The Faisal Chowk — erstwhile Charing Cross — on Lahore’s Mall Road is an important site for resistance. Protests that result in traffic jams are the norm. Almost every week, human rights activists, far-right groups, and workers’ federations make their way with posters and slogans to the intersection to campaign for their causes.
It was such a day in February 2017 when pharmacists and medicals store owners were protesting changes to the Drug Act that a deadly suicide attack struck. This February 13 marks the second anniversary of the incident.
At least 15 people, including Deputy Inspector General (DIG) Traffic (r) Ahmed Mobeen, were killed and over 100 wounded in the attack.
The bomber, who came on a motorbike, had detonated his suicide vest next to a Digital Satellite News Gathering (DSNG) van at 6:10 pm targeting the site of a protest, where negotiations were going on between protesting pharmacists and police.

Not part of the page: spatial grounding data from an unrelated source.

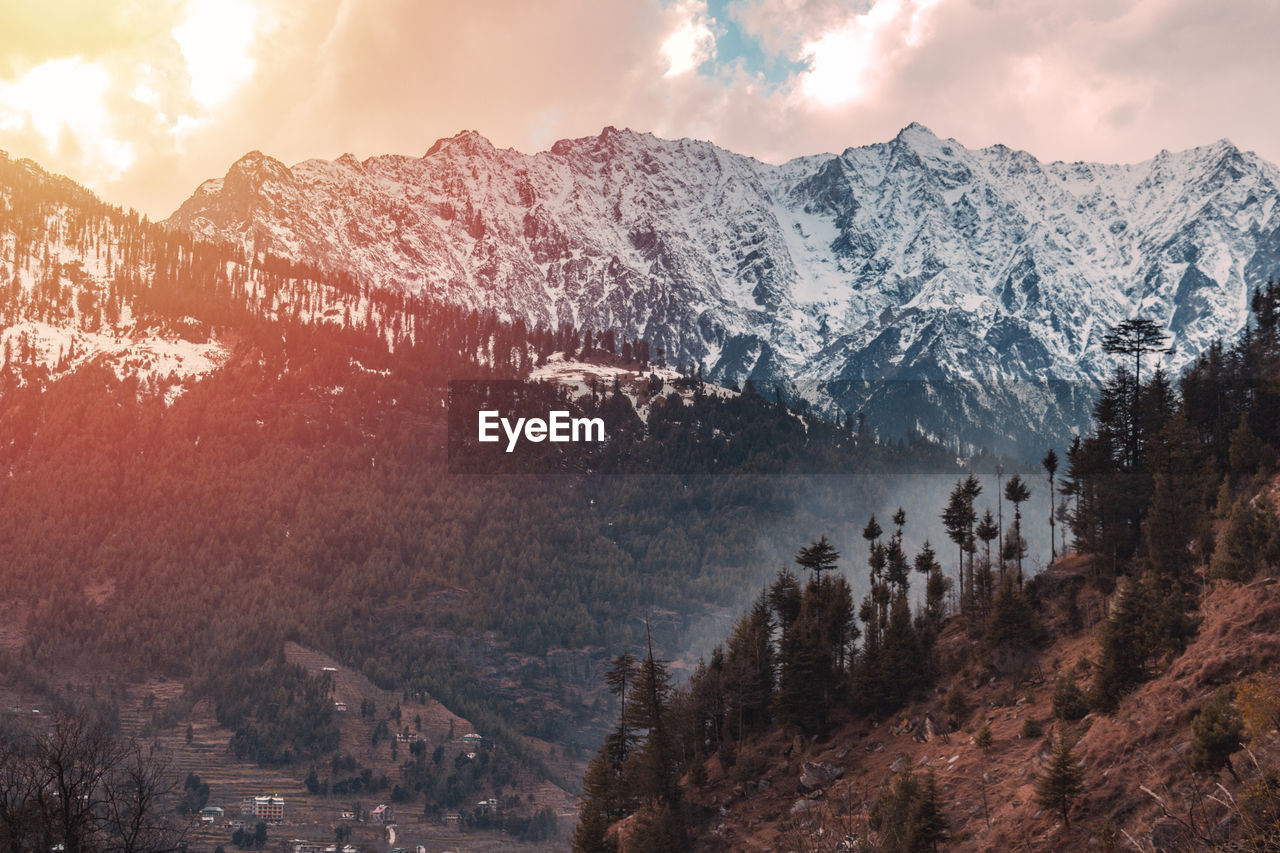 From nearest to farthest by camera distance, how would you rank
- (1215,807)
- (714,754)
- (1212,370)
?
1. (1215,807)
2. (714,754)
3. (1212,370)

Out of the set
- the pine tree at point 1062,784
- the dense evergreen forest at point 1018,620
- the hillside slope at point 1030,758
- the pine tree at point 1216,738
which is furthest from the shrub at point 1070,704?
the pine tree at point 1216,738

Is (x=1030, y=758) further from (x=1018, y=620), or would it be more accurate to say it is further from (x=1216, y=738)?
(x=1018, y=620)

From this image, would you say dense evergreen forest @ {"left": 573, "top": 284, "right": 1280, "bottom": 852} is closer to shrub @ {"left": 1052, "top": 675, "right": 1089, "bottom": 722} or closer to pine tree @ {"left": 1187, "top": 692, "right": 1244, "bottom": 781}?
shrub @ {"left": 1052, "top": 675, "right": 1089, "bottom": 722}

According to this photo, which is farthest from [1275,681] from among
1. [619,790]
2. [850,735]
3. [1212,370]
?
[1212,370]

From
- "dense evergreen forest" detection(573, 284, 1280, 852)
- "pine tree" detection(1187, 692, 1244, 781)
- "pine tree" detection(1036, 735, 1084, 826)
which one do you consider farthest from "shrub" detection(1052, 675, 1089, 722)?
"pine tree" detection(1187, 692, 1244, 781)

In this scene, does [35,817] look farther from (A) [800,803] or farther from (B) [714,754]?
(B) [714,754]

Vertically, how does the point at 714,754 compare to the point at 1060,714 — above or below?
below

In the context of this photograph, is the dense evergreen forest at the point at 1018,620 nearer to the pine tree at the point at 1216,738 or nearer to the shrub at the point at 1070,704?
the shrub at the point at 1070,704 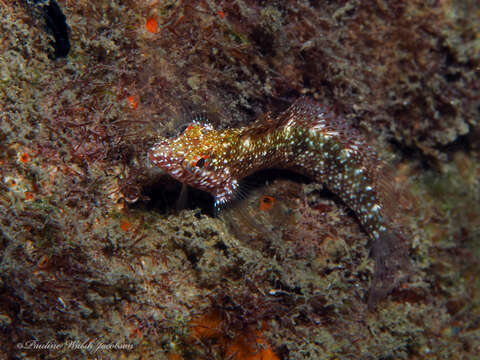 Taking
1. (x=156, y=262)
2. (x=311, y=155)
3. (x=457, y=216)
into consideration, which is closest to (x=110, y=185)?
(x=156, y=262)

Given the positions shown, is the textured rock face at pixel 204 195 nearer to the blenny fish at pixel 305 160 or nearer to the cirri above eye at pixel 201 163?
the blenny fish at pixel 305 160

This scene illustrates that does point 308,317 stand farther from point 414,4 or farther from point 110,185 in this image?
point 414,4

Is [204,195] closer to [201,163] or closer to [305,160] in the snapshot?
[201,163]

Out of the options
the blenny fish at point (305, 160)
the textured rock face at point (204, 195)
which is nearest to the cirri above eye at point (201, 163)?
the blenny fish at point (305, 160)

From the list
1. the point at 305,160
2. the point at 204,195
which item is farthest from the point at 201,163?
the point at 305,160

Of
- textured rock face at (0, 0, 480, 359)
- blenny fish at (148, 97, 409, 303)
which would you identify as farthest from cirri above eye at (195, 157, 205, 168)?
textured rock face at (0, 0, 480, 359)

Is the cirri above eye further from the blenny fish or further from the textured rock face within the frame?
the textured rock face

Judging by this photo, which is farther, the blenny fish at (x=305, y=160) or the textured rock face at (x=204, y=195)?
the blenny fish at (x=305, y=160) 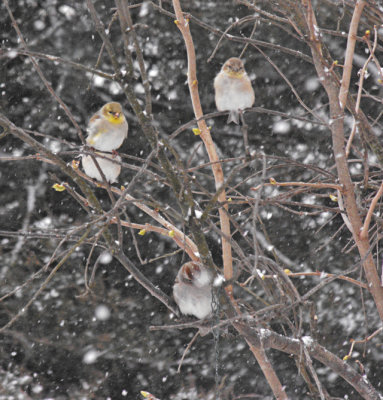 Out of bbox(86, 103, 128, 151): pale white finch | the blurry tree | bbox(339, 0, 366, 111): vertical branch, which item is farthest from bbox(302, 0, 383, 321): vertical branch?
the blurry tree

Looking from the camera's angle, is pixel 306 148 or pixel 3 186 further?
pixel 306 148

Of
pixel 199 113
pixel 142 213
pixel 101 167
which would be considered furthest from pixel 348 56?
pixel 142 213

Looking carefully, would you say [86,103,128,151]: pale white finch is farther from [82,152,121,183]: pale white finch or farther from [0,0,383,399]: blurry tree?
[0,0,383,399]: blurry tree

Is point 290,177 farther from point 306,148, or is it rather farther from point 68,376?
point 68,376

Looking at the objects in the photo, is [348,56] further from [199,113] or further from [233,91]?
[233,91]

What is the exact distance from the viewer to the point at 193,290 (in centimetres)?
243

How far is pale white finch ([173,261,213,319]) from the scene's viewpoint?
7.94ft

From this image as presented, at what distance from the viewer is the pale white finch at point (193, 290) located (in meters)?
2.42

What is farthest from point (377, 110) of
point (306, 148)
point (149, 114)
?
point (149, 114)

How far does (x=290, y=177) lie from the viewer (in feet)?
17.4

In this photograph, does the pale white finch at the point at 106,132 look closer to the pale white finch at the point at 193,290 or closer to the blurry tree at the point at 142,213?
the pale white finch at the point at 193,290

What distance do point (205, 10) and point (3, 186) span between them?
237cm

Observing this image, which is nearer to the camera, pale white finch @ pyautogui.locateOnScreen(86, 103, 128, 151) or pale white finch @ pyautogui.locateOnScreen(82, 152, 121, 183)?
pale white finch @ pyautogui.locateOnScreen(86, 103, 128, 151)

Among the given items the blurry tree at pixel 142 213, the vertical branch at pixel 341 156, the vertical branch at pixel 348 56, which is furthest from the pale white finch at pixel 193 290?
the blurry tree at pixel 142 213
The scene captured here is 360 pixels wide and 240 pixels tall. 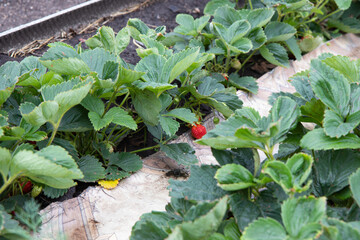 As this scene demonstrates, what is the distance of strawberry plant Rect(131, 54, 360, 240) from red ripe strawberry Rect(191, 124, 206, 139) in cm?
60

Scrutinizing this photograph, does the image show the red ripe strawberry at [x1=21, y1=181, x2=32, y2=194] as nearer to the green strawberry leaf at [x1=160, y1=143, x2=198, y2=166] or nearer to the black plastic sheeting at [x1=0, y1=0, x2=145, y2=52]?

Jamaat-ul-Ahrar, a breakaway faction of the Tehreek-e-Taliban Pakistan (TTP) had assumed responsibility for the attack. This was the same group that had claimed the responsibility for an Easter Day bombing in Lahore that killed more than 70 people in Gulshan-e-Iqbal Park.
Though the dust has long settled on the incident and monetary compensation had been promised to victims’ families, protestors still meet outside the Punjab Assembly building, and people look out of office windows as they pass and once in a while, remember.